Work instruction — Below are the entries; give again exactly the lines from the one mentioning "에디슨 아동용 입체 스텐" through the one mentioning "Wooden Activity Walker", inclusive.

───── Extracted information ─────

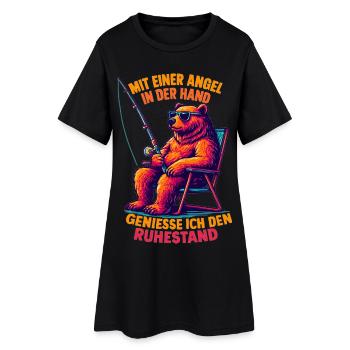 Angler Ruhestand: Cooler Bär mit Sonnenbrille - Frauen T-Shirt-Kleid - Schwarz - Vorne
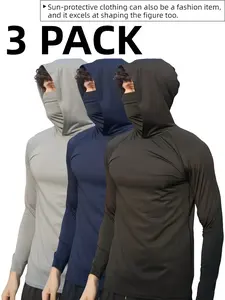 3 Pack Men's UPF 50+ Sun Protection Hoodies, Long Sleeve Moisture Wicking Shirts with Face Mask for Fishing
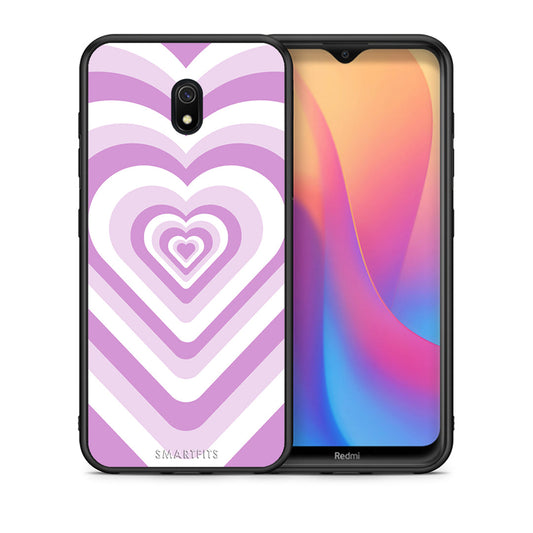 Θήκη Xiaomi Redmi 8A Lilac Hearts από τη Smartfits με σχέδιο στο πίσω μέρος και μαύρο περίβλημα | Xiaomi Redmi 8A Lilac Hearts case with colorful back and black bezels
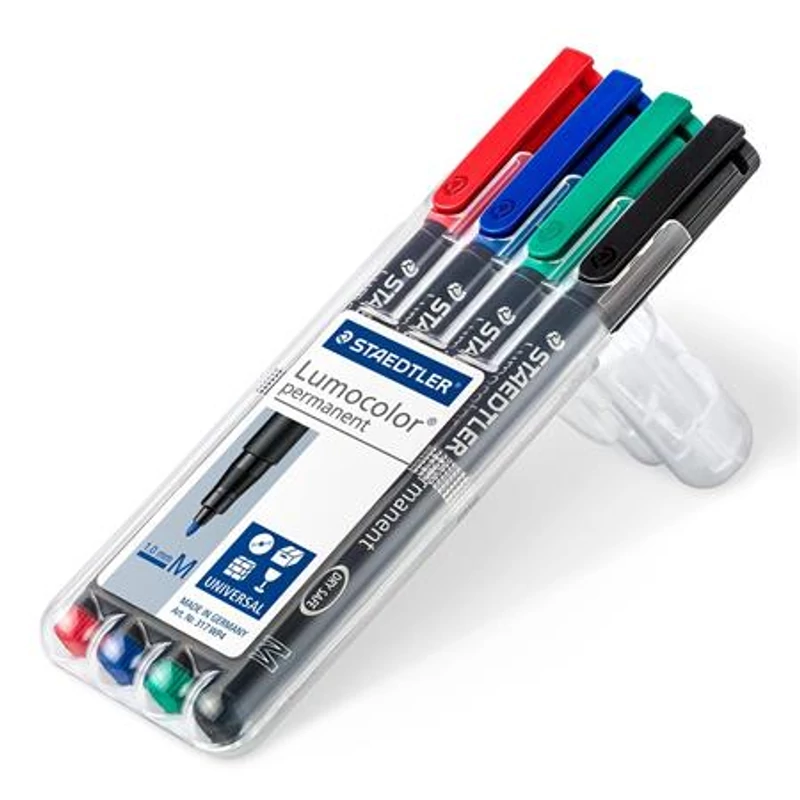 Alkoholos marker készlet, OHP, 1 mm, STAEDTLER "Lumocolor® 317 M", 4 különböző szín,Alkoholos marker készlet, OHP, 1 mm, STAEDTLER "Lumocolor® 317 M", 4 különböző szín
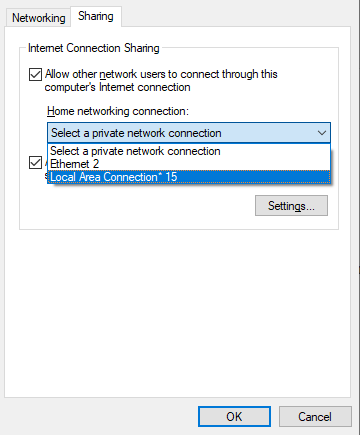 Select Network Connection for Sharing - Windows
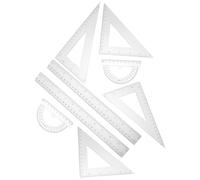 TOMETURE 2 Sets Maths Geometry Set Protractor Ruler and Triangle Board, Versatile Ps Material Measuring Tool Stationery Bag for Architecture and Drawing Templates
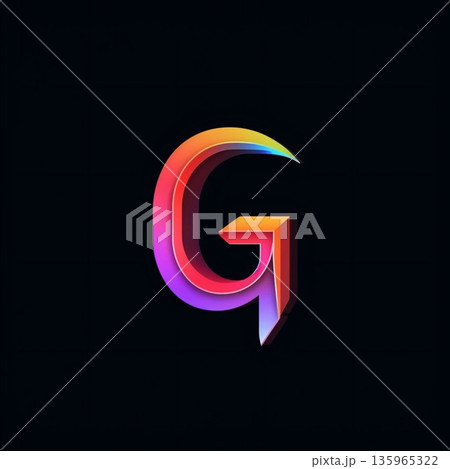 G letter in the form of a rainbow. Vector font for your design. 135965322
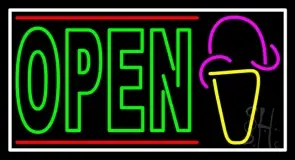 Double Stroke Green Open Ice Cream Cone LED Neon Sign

─────
───── Extracted information ─────

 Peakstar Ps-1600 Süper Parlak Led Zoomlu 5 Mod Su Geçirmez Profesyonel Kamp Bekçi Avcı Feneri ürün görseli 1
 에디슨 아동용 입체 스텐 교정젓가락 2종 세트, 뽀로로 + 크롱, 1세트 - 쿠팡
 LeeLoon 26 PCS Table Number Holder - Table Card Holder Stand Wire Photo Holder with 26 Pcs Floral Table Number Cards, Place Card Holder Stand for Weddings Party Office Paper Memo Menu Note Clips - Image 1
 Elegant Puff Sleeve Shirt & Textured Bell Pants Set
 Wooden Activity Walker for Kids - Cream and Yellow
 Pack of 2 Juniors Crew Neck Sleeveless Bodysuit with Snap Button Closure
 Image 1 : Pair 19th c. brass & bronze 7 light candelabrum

─────

Answer to the exercise —
 에디슨 아동용 입체 스텐 교정젓가락 2종 세트, 뽀로로 + 크롱, 1세트 - 쿠팡
 LeeLoon 26 PCS Table Number Holder - Table Card Holder Stand Wire Photo Holder with 26 Pcs Floral Table Number Cards, Place Card Holder Stand for Weddings Party Office Paper Memo Menu Note Clips - Image 1
 Elegant Puff Sleeve Shirt & Textured Bell Pants Set
 Wooden Activity Walker for Kids - Cream and Yellow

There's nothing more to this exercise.